In this pair of rhetorical questions, Jesus challenged the idea that an aggrieved participant in the transaction -- an early morning worker -- has a moral claim retroactively against the employer, who came to an agreement with the worker, and who then fulfilled the terms of the original agreement.
The context of this affirmation of ownership rights was a parable. Jesus described a man who owned a vineyard. The owner wanted to share the work. He wanted to bring as many workers as he could into the vineyard, so that they would have employment. Of course, he also had goals of his own. He wanted to make certain that the vineyard would be cared for and made more productive. But his initial motivation was to help others gain employment.
So, one fine morning, he came to a group of unemployed laborers and made an offer. He would hire them for a day for the payment of a penny. (This was before central banking; the offer seemed plausible to Jesus' listeners.) In the third hour, which meant 9 AM, he again went out in search of other workers. He found some of them who were idle, waiting for work. He hired them, and he promised to give them an honest day's wages. They trusted him, so they went into the vineyard to work. He did this in the sixth hour, the ninth hour, and the 11th hour. In each case, he promised to pay them fairly.
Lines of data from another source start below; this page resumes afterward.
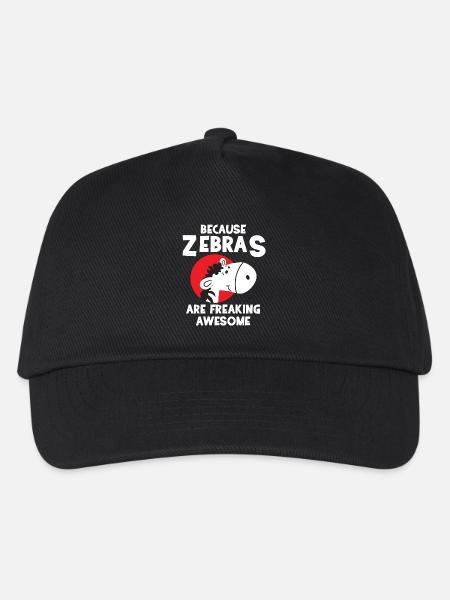 Zebra - Zebras - Zebrafan - Geschenk - Awesome - Kinder Basecap - Schwarz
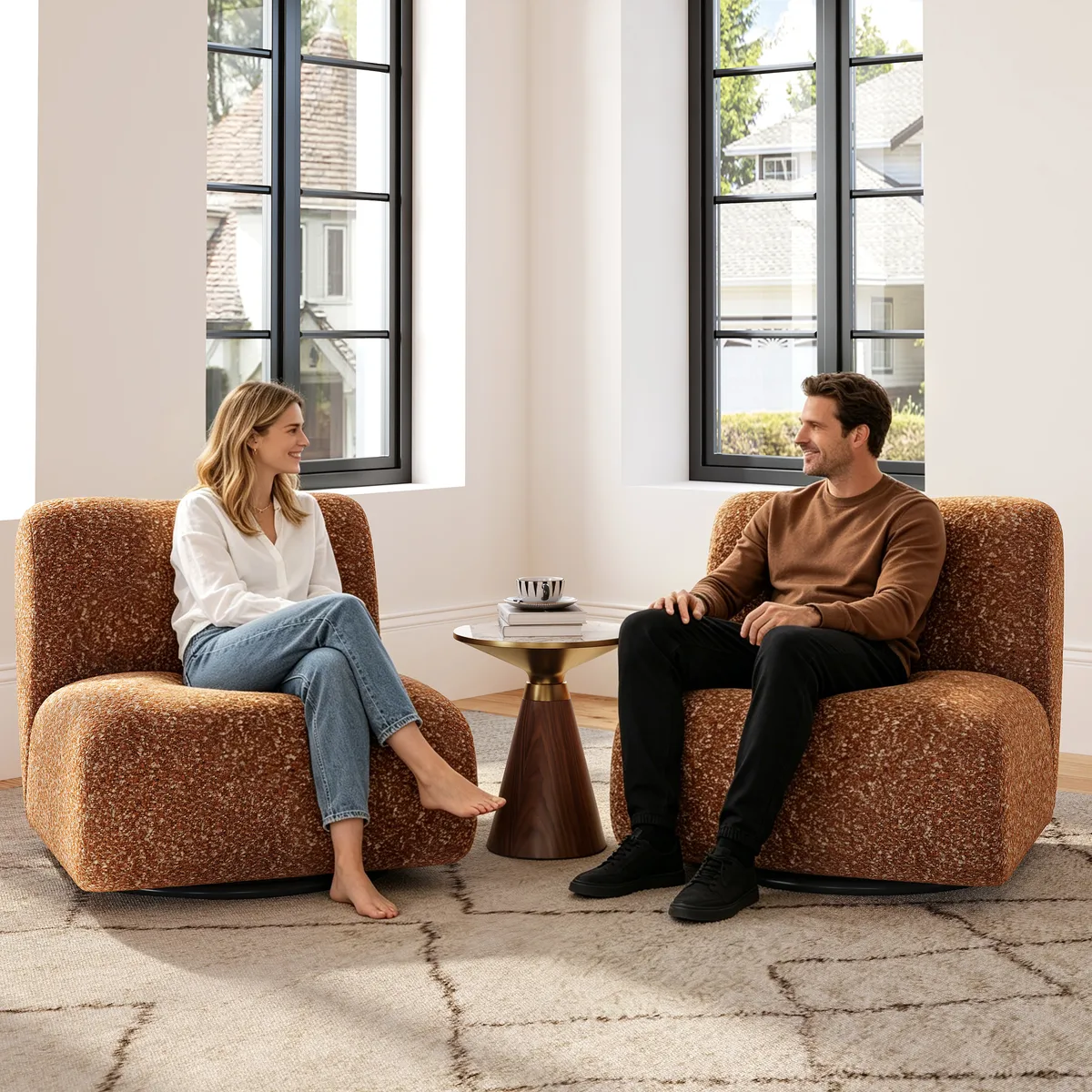 Modern 17" Performance Boucle Swivel Slipper Accent Chair — image 3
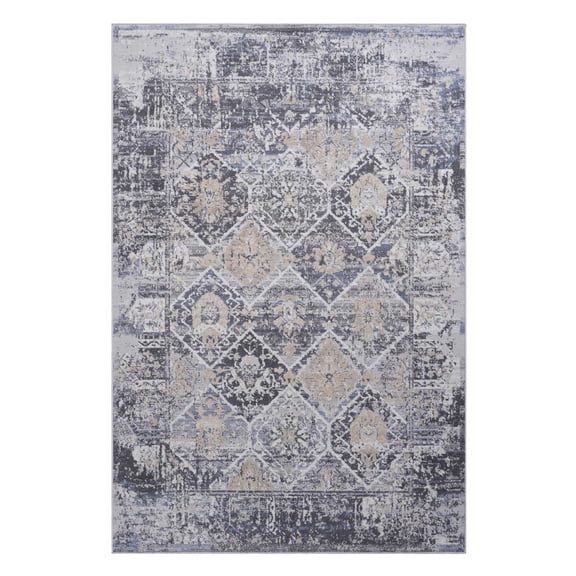 5X7 Grey/Blue /Traditional Non-Shedding Living Room Bedroom Dining Home Office Stylish and Stain Resistant Area Rug
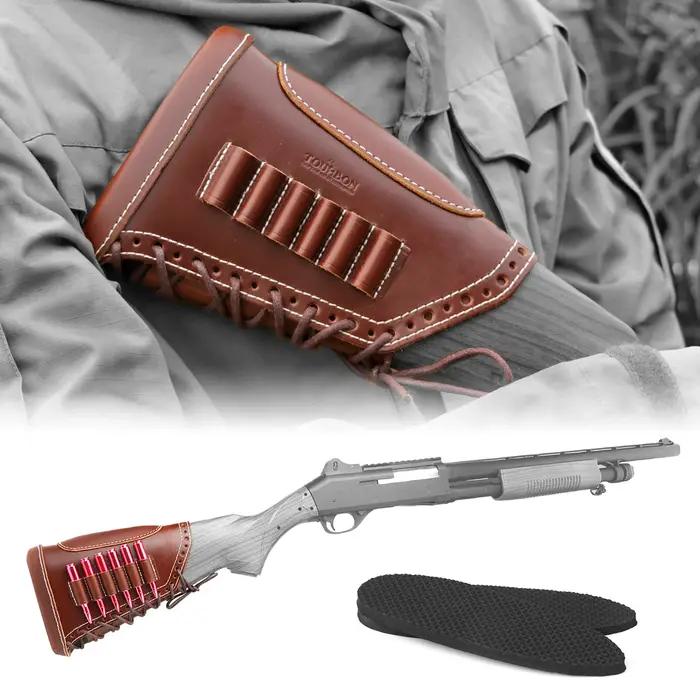 Tourbon-Juste de crosse de fusil de chasse en cuir souple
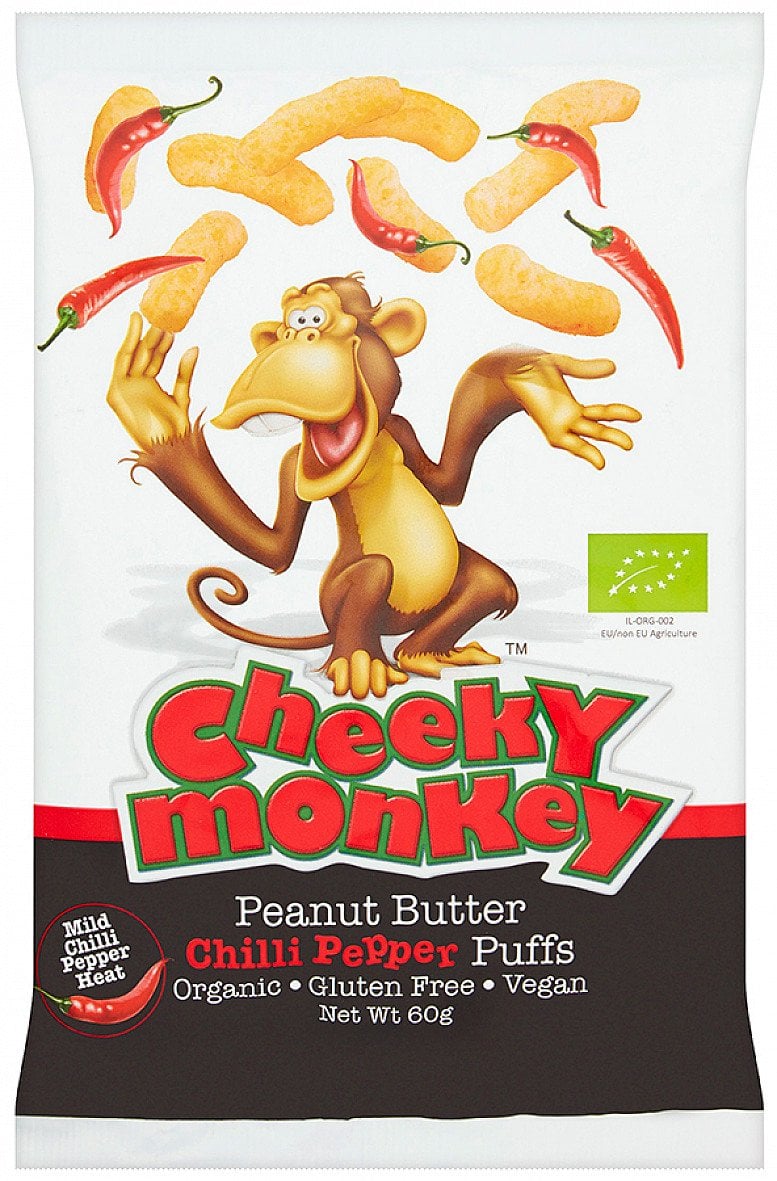 Organic peanut butter puff crisps with a mild chilli pepper flavour, now just £1.50!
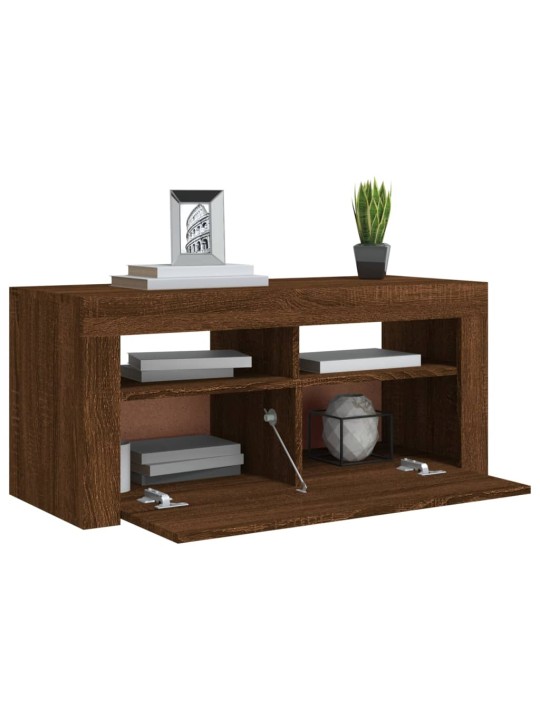 TV skříňka s LED osvětlením hnědý dub 90 x 35 x 40 cm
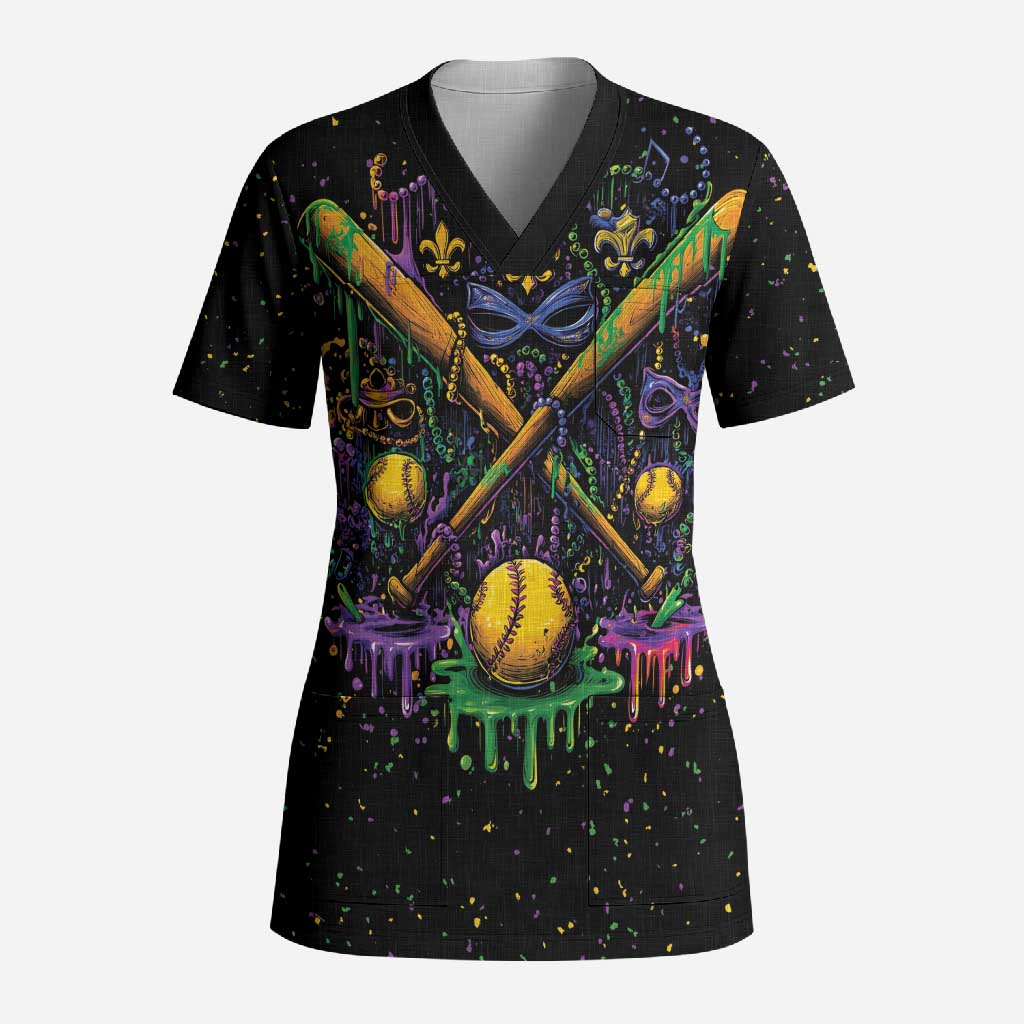 Mardi Gras Dripping Scrub Top Baseball Ice Cream Drip - Wonder Print Shop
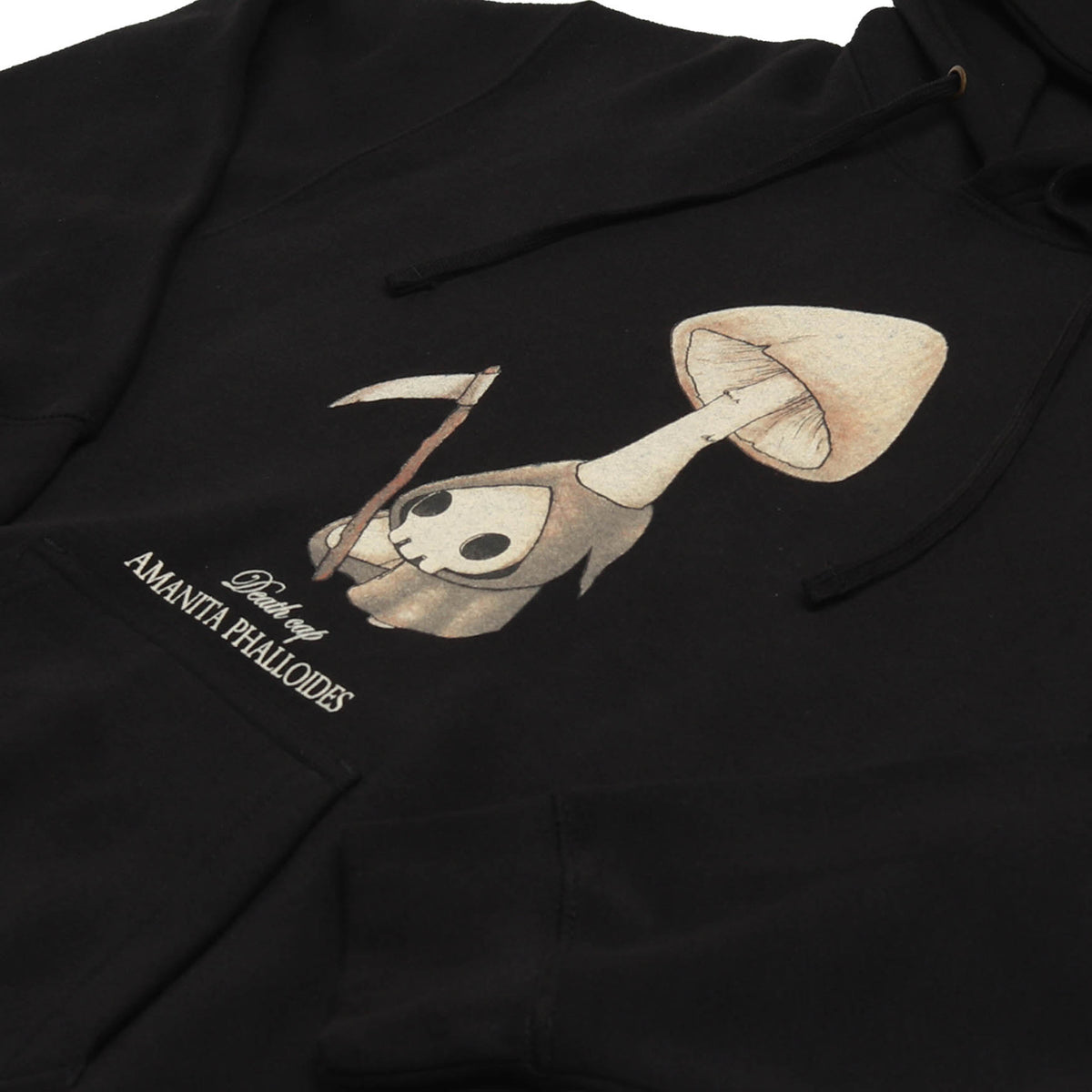Altru Apparel Abi Toads Death Cap Mushling Hoodie front close up the art 3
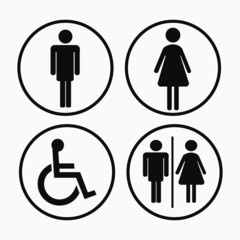 Man and woman icon for toilet sign, Vector illustration.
At the end of the workday, he paid each man a penny. That was what he had offered the men who had been hired early in the morning. Those who were hired later had no complaints, because they were getting paid as much for a partial day's labor as the first men who were hired received for a whole day's labor.
Those who were hired earliest complained. These others had been paid the same amount, they complained, but they had worked fewer hours. The others did not complain, although most of them did work a lot longer than the last group, who had been hired in the 11th hour, and who also received a penny. Late-comers knew that it was a good deal, because they were being paid more per hour than those who had been hired at the beginning of the workday. Why complain?
The first group did complain. The owner of the vineyard had a specific answer: "But he answered one of them, and said, Friend, I do thee no wrong: didst not thou agree with me for a penny? Take that thine is, and go thy way: I will give unto this last, even as unto thee "(vv. 13-14). Then he announced his principal ownership: he had the right to do what he wanted with that which he owned.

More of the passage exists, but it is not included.